Go through the listing and set it down exactly, leaving out its pictures.

=== Section Start ===

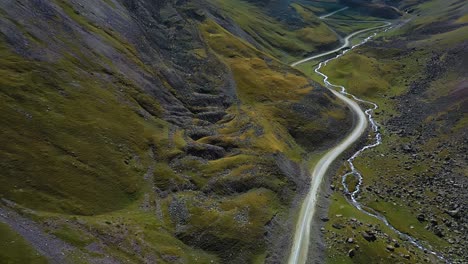 mountain pass, alpine valley, stream, rugged hills, kyrgyzstan aerial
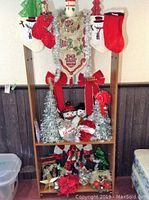 Full view of the cabinet with various Christmas decorations arranged on shelves including stockings, tinsel trees, and snowman figurines.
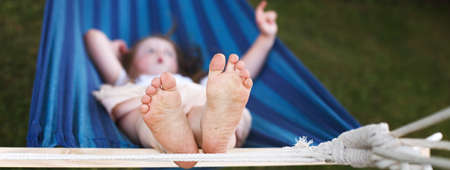 closeup of little girl's feet relaxing in the blue hammock during her summer vacation in the back yardの写真素材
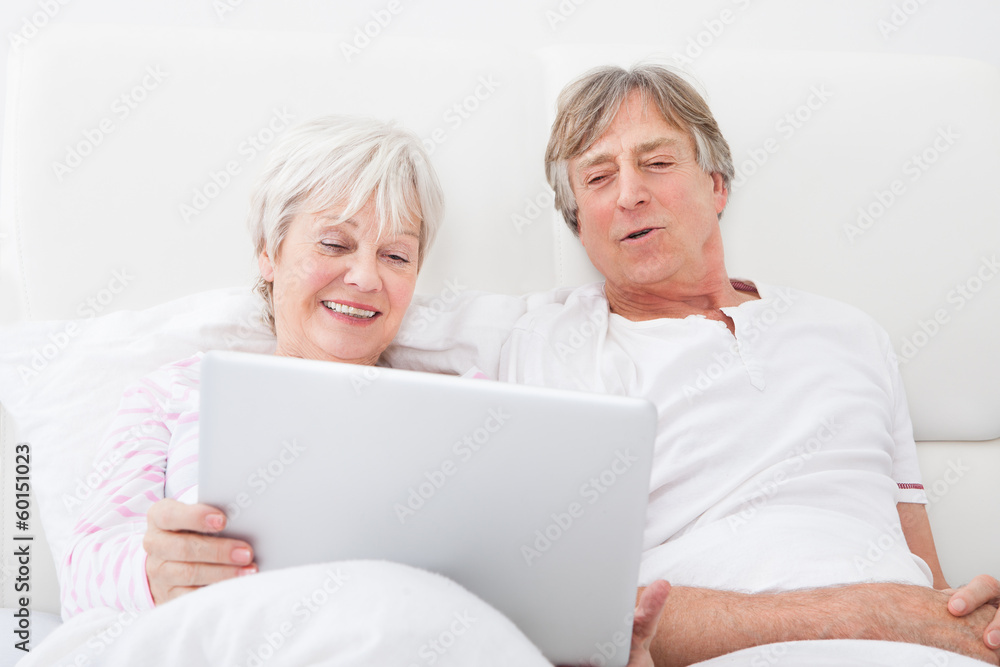Senior Couple On Bed Looking At Laptop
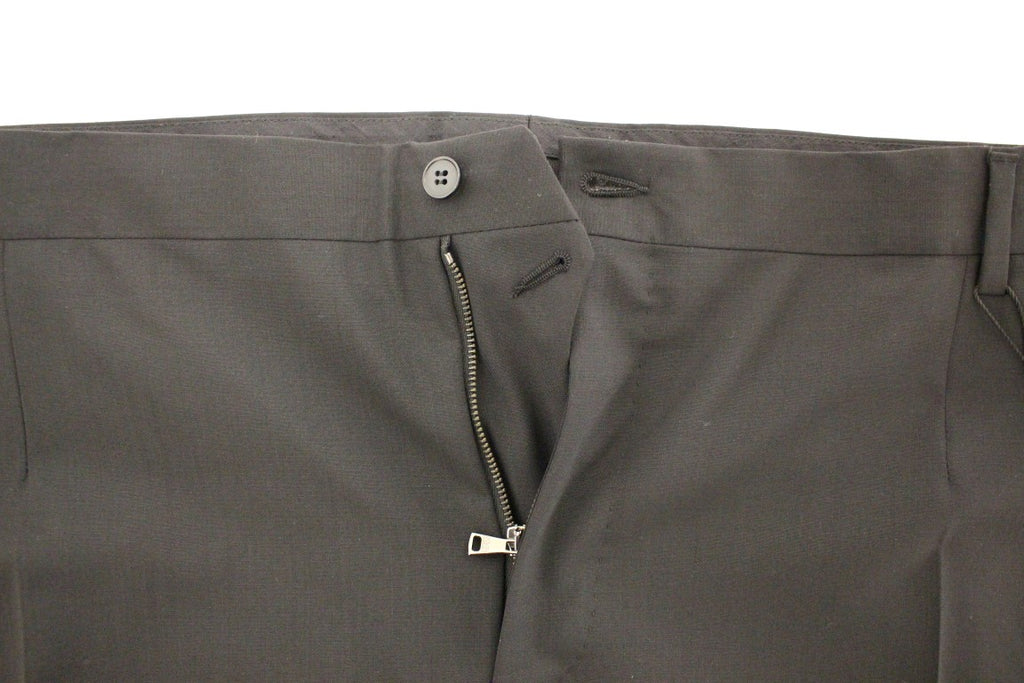 Pantalon plissé en laine stretch noir de Dolce & Gabbana, style élégant et couture italienne.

=== Section End ===

- **TASK RESULT**
 mountain pass, alpine valley, stream, rugged hills, kyrgyzstan aerial
 Full view of the cabinet with various Christmas decorations arranged on shelves including stockings, tinsel trees, and snowman figurines.
 closeup of little girl's feet relaxing in the blue hammock during her summer vacation in the back yardの写真素材
Senior Couple On Bed Looking At Laptop
 Pantalon plissé en laine stretch noir de Dolce & Gabbana, style élégant et couture italienne.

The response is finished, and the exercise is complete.